2.4 Any company, individual or other entity may apply for election to Full or Associate membership of the
Association and any existing member of the Association can nominate another party for membership, in
each case, by applying to the Company Secretary. The Company Secretary shall be entitled to ask the
applicant or nominee for any information which he reasonably thinks to be relevant in order to demonstrate the applicant’s suitability for membership and, on receipt of such information, shall arrange for the matter to be put to a vote of the board of directors within a reasonable time.
3. Honorary Fellowship
3.1 Honorary Fellowship shall be open to such persons as the board of directors may from time to time approve on the application of any members and may be granted either for life or for such period as the board of directors may agree at the time of its grant.
3.2 Honorary Fellowship may be withdrawn at any time if the board of directors so decides.
3.3 Honorary Fellows shall retain the rights and privileges of their existing membership category whilst they continue to pay their subscription. An Honorary Fellow, who was not previously a member, will enjoy the same rights and privileges as Associate Members but shall not be required to pay any subscription.
4. Entrance and Subscription Fees
Details of the entrance fee (if any) and the annual subscription payable in respect of each category of
membership shall be kept by the Company Secretary. Such fees must be paid on request and promptly. If
the board of directors decides to increase the annual subscription payable by any category of Membership,
and if practicable, the Company Secretary shall give the relevant members at least 30 days notice of the
increase.
5. Resignations
Subject to Article 9.5.2 of the Articles of Association any Member, or Associate Member may resign his
membership by giving seven days written notice to that effect to the Company Secretary at any time.

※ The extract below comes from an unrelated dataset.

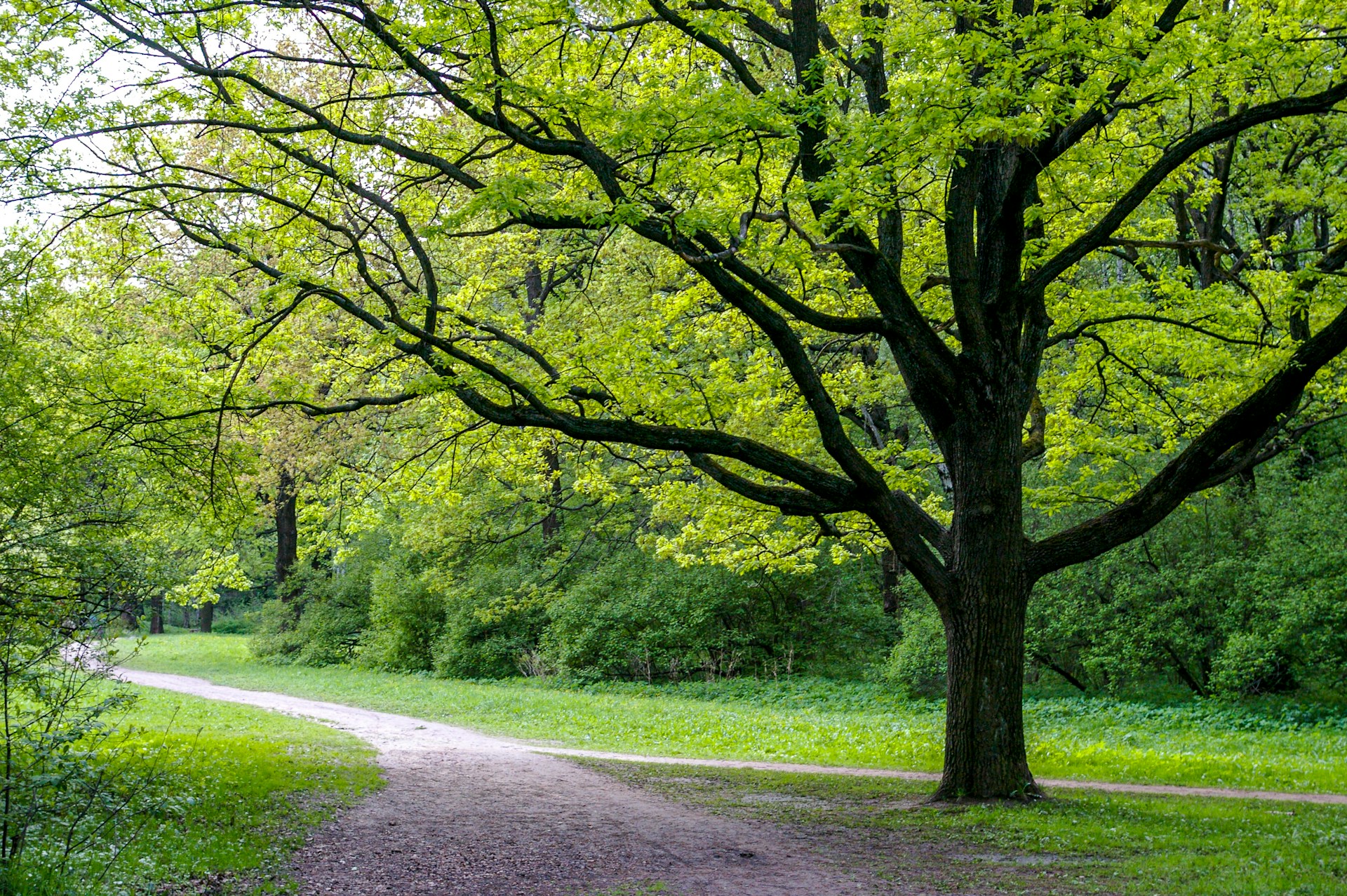 Les coûts associés à l'abattage et à l'élagage d'arbres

However, no refund of any subscription fees already paid shall be refundable except at the discretion of the
board of directors.
6. Power to Expel, Suspend or Reprimand
The board of directors may by resolution expel, or suspend, for such period as it deems reasonably fit, any
Member, Associate Member, or Committee Member for any conduct or action that is, in its reasonable
opinion, injurious to or inconsistent with the interests of the Association or which would have resulted in a
refusal of membership if it had occurred and been known before the member, associate member or
committee member applied for membership. If such action is taken there shall be no refund of any
subscription money already paid (except at the Board’s discretion) and any sums owing to the Association
shall be paid forthwith.
Alternatively, or in addition, the Board shall have the power to reprimand any of those mentioned above on
any of the grounds set out above.
7. Sub-Committees
7.1 The members of Sub-Committees shall be such persons as are appointed by a resolution of the Board; Sub-Committee composition shall reflect the Terms of Reference adopted by the Board from time to time.
7.2 The Chair of each Sub-Committee shall be determined by the adopted Terms of Reference.

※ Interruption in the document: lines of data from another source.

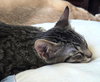Gabanna - Photo 4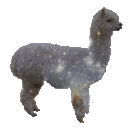 llama-spacey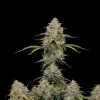 Gorilla Blue Auto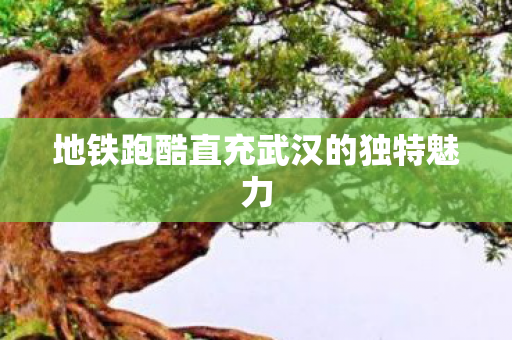 地铁跑酷直充武汉的独特魅力图片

7.3 No more than two people from any one organisation or company may be members of a Sub-Committee at any one time.
8. Quorum for Sub-Committees
8.1 Subject as below, the Sub-Committees shall meet together for the despatch of business, adjourn and
regulate its proceedings as directed by the board of directors. Any of the Sub-Committee Chairs may call a
meeting of their Sub-Committee, giving, except in an emergency, not less than fourteen days notice thereof.
8.2 Subject to the next paragraph, the quorum for all meetings of Sub-Committees shall be three people and if a meeting at any time shall cease to be quorate it shall automatically adjourn until the same time and place in the following week or such other time and place as the Sub-Committee Chair shall deem appropriate.
9. Voting and Procedure at Committee Meetings
9.1 All Sub-Committee members shall have one vote at Sub-Committee meetings.
9.2 Decisions at Sub-Committee meetings shall be passed by a simple majority of votes. If there is a tie the
Sub-Committee Chair shall have casting vote.
9.3 If the Sub-Committee Chair is not present at a meeting of the Sub-Committee the Sub-Committee Members present shall elect one of their number to act as Chair and have a casting vote if there is a tie.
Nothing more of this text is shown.